Birleşmiş Milletlerin (BM) 1994'te koordine ettiği Uluslararası Nüfus ve Kalkınma Konferansı'nın (ICPD) 25'inci yıl dönümünde, Kenya ve Danimarka hükümetlerinin ev sahipliği ve BM Nüfus Fonu (UNFPA) iş birliğinde düzenlenen "Uluslararası Nüfus ve Kalkınma Konferansı'nın (ICPD) 25'inci yıl dönümünde Nairobi Zirvesi: Süreci Hızlandırmak" Konferansı ikinci gününde devam ediyor.

Zirve kapsamında "Kırılgan Dünyada Kahire Taahhütlerini Yerine Getirmek" başlıklı panel düzenlendi.

Danimarka'nın Veliaht Prensesi Mary Elizabeth, Güney Sudan Cinsiyet, Çocuk ve Sosyal Adalet Bakanı Jemma Nunu Kumba, Sağlık Bakan Yardımcısı Meşe, UNICEF İcra Direktör Yardımcısı Omar Abdi, UNHCR Yüksek Komiser Yardımcısı George Wililam Okoth-Obbo, ICRC Kenya Tanzanya ve Cibuti Heyet Başkanı Olivier Dubois ile çok sayıda ülke ve uluslararası kuruluş temsilcisi katıldı.

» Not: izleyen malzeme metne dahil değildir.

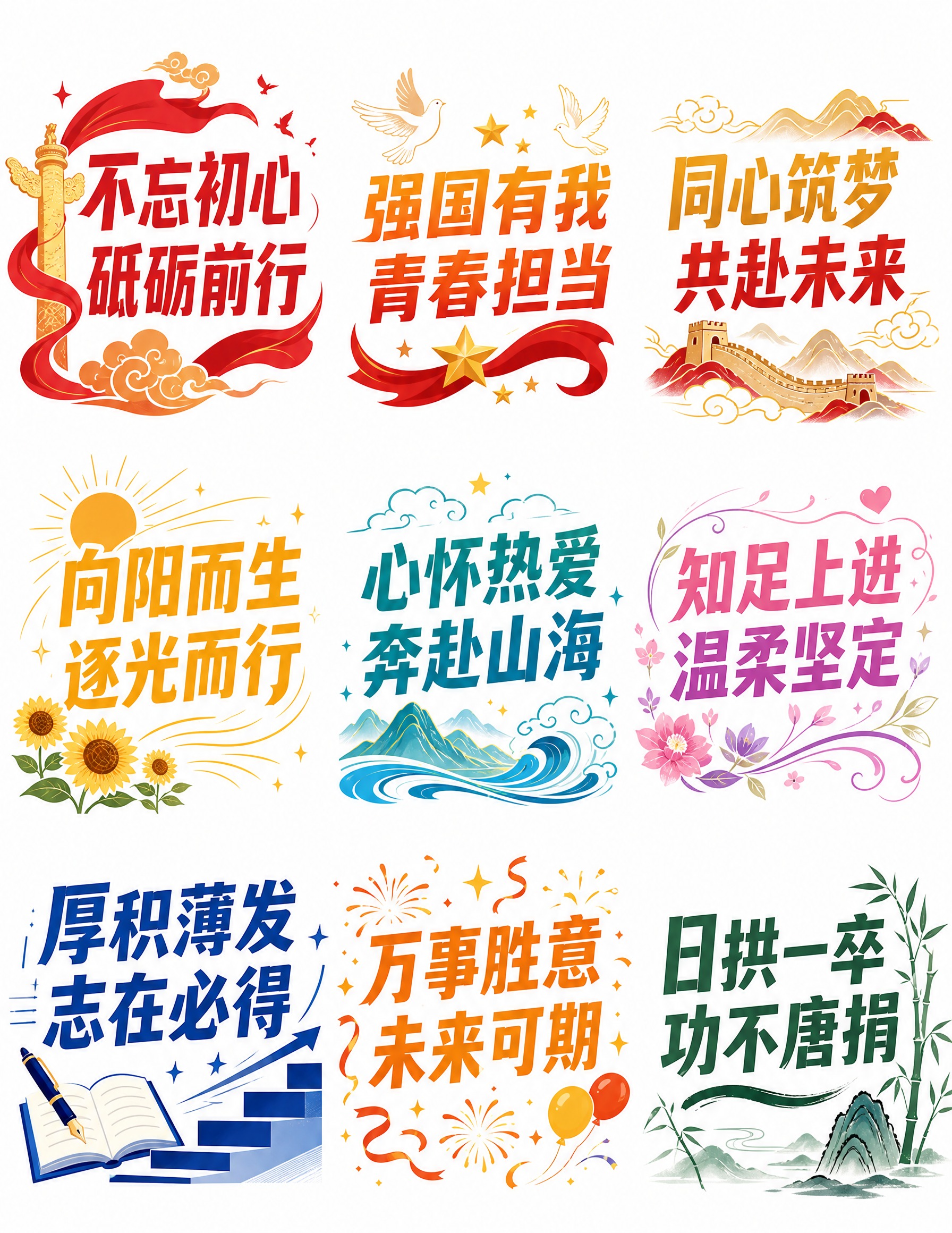 纯文字插画风格九宫格海报，3行3列布局，白色干净背景，每组独立… - 图片创意预览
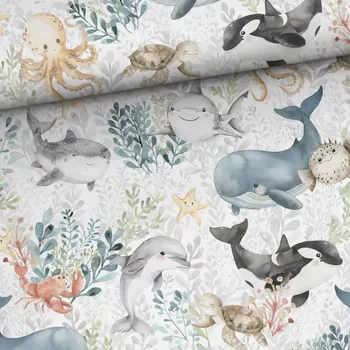 Úplet Podmořský svět (E) (Hebké bavlněné úplety s elastanem )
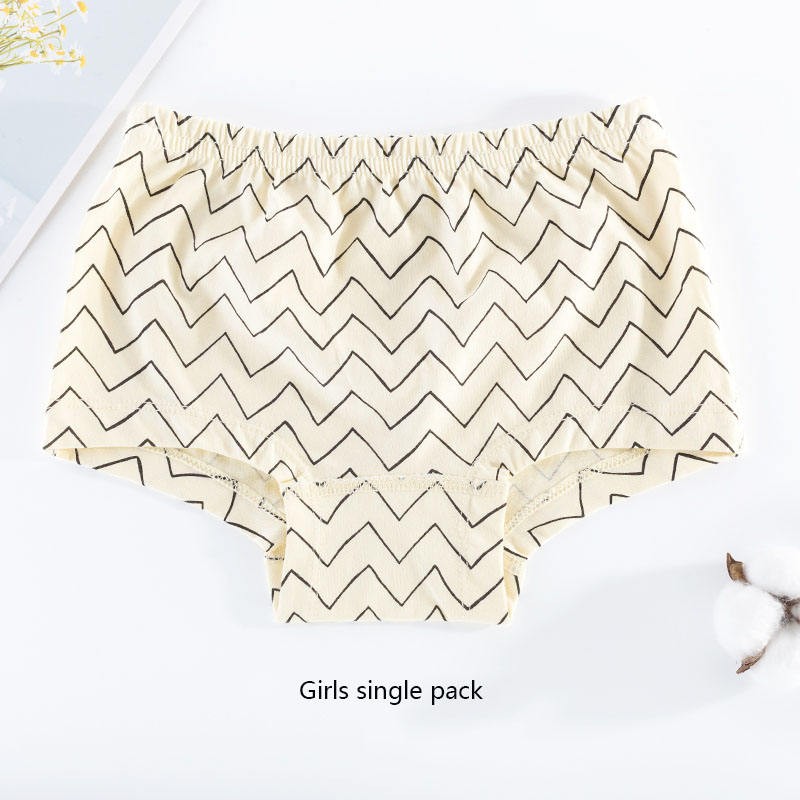 Wholesale Sustainable Organic Cotton Cute Panties Girls Custom Logo Print Children Underwear
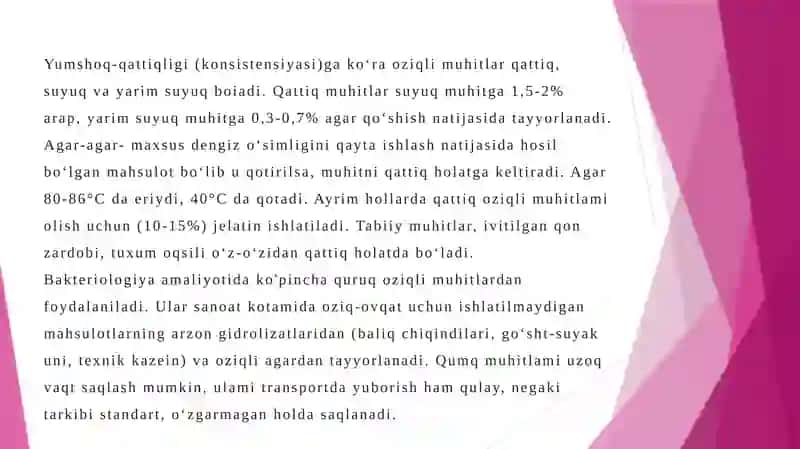 Sof kultura ajratib olish usullari 3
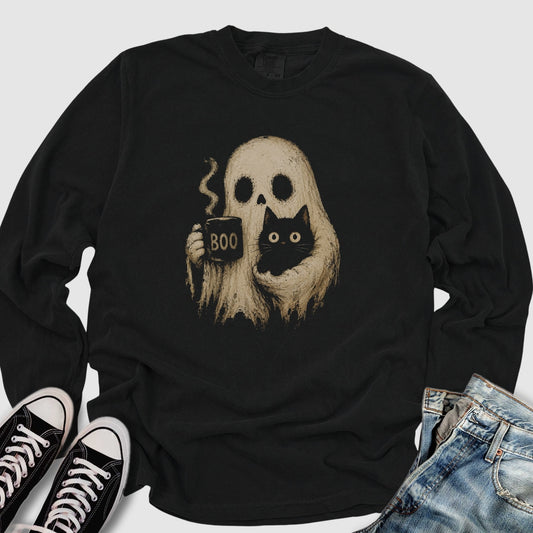 Boo Ghost Cat Long Sleeve Tee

Panelistler, 25 yıl önce Kahire'de düzenlenen zirvede varılan uluslararası mutabakat çerçevesinde belirlenen taahhütlerin yerine getirilmesi için kendi ülkelerinde ve uluslararası kuruluşlar aracılığıyla dünya genelinde atılan adımları anlattı.

Burada konuşan Sağlık Bakan Yardımcısı Meşe, Türkiye'nin 2011'de Suriye'de yaşanan çatışmaların başlamasından sonra büyük mülteci akını karşısında hedef ve geçiş ülkesi olduğunu hatırlattı.

Türkiye'nin, misafir olarak gördüğü Suriyelilerin hayatlarının ve geleceklerinin nasıl daha iyi hale gele getirilebileceği konusunda tüm çabayı sergilediğini belirten Meşe, "Sevdiklerini kaybeden ve ülkelerini terk etmek zorunda kalan aileleri bir arada tutan güç kadınlardır. Kadınların üstlendiği bu ana rolü bilerek, Suriyeli misafirlerimize yönelik hizmetleri düzenlerken kadınların sağlığına yönelik hizmetlere özellikle odaklandık." diye konuştu.

Beklenmedik bir anda gelişen böylesi acil durumlarda verilen ilk tepkinin çok önemli olduğunu vurgulayan Meşe, "İnsani bakış açımız ve güçlü devlet yapımız, krizin başarılı bir insani müdahale modeli olarak gösterilen başlangıç ​​aşamasında hızlı davranmamızı sağlayan ana faktörlerdi." şeklinde konuştu.

Türkiye'nin bu süreçte diğer ülke ve uluslararası kuruluşlarla da iş birliğine açık olduğunu vurgulayan Meşe, buna örnek olarak UNFPA ile iş birliğinin Suriyelileri de içerecek şekilde yeniden düzenlenmesini gösterdi.

Meşe, Türkiye'nin sağlık personelinin de Suriyelilerin acil ihtiyaçlarını giderecek şekilde yönlendirildiğini, dil ve kültür farkından doğan zorlukların aşılmasına odaklandıklarının altını çizdi.

Sağlıklı hamilelik, erken doğum, doğum sonrası destek, istenmeyen gebeliklerin önlenmesi, kadına yönelik şiddet gibi konuların da sağlık hizmetlerinde özellikle önemsendiğini ve Türk sağlık sisteminin önlenebilir anne ve bebek ölümlerini sıfıra indirmeye odaklandığını anlatan Meşe, bu durumun Suriyeli misafirler için de geçerli olduğunu söyledi.

Türklerin birçok devlet kurmuş, tarihin derinliklerinde kökleri olan bir ulus olduğunu vurgulayan Meşe, "Tarihteki bütün Türk devletleri aynı fikir üzerine kurulmuştur: 'İnsanı yaşat ki devlet yaşasın.' Suriyeli misafirlerimize de bu kurucu felsefemizle yaklaşmaya çalışıyoruz." ifadesini kullandı.